▶ **Your assignment**:
Produce an exact copy of the first line of the data below and each line after it, please, up to and including the one with "Magnetic Compatible with".

▶ **Data for this exercise**:

Content starts

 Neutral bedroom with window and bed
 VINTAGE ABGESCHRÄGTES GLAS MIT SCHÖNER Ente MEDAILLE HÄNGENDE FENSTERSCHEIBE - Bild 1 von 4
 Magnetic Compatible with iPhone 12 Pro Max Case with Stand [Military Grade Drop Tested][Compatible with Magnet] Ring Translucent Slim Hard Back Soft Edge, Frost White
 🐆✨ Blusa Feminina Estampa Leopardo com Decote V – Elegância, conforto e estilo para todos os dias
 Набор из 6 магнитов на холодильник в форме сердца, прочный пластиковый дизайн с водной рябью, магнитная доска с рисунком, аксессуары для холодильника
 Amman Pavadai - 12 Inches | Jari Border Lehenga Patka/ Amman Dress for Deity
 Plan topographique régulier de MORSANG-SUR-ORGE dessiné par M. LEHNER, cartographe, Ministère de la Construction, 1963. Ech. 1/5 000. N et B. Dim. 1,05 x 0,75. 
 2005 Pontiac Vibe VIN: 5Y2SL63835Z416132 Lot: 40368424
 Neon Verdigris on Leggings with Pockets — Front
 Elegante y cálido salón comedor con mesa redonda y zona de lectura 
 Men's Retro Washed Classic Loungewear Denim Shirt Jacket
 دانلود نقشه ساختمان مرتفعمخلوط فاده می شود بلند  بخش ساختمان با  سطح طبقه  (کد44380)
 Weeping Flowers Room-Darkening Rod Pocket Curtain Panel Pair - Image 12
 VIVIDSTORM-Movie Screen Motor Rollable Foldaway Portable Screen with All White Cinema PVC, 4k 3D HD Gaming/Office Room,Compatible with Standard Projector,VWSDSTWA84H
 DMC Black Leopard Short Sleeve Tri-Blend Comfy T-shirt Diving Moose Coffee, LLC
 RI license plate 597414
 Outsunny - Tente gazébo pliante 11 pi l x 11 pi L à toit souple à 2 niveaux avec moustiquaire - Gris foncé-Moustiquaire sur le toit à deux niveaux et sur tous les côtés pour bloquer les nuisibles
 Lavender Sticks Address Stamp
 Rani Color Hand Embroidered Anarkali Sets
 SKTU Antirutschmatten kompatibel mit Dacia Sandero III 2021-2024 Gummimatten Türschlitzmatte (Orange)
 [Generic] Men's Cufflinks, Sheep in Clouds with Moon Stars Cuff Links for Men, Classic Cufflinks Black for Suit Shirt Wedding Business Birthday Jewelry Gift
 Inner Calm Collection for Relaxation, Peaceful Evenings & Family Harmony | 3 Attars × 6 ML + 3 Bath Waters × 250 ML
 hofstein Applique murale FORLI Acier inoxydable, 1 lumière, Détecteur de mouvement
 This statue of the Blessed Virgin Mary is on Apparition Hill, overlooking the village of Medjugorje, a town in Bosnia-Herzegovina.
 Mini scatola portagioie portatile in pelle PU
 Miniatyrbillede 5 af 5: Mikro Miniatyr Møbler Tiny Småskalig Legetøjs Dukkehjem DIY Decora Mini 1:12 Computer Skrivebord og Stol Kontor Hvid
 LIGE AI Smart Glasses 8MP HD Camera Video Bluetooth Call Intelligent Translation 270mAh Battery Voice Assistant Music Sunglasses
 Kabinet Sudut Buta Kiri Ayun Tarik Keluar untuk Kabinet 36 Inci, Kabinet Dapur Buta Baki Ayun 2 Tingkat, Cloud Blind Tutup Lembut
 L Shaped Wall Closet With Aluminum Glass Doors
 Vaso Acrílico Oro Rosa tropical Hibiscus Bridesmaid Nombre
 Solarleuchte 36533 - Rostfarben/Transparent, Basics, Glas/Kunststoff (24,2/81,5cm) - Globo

Content ends

▶ **Output for this task**:
 Neutral bedroom with window and bed
 VINTAGE ABGESCHRÄGTES GLAS MIT SCHÖNER Ente MEDAILLE HÄNGENDE FENSTERSCHEIBE - Bild 1 von 4
 Magnetic Compatible with iPhone 12 Pro Max Case with Stand [Military Grade Drop Tested][Compatible with Magnet] Ring Translucent Slim Hard Back Soft Edge, Frost White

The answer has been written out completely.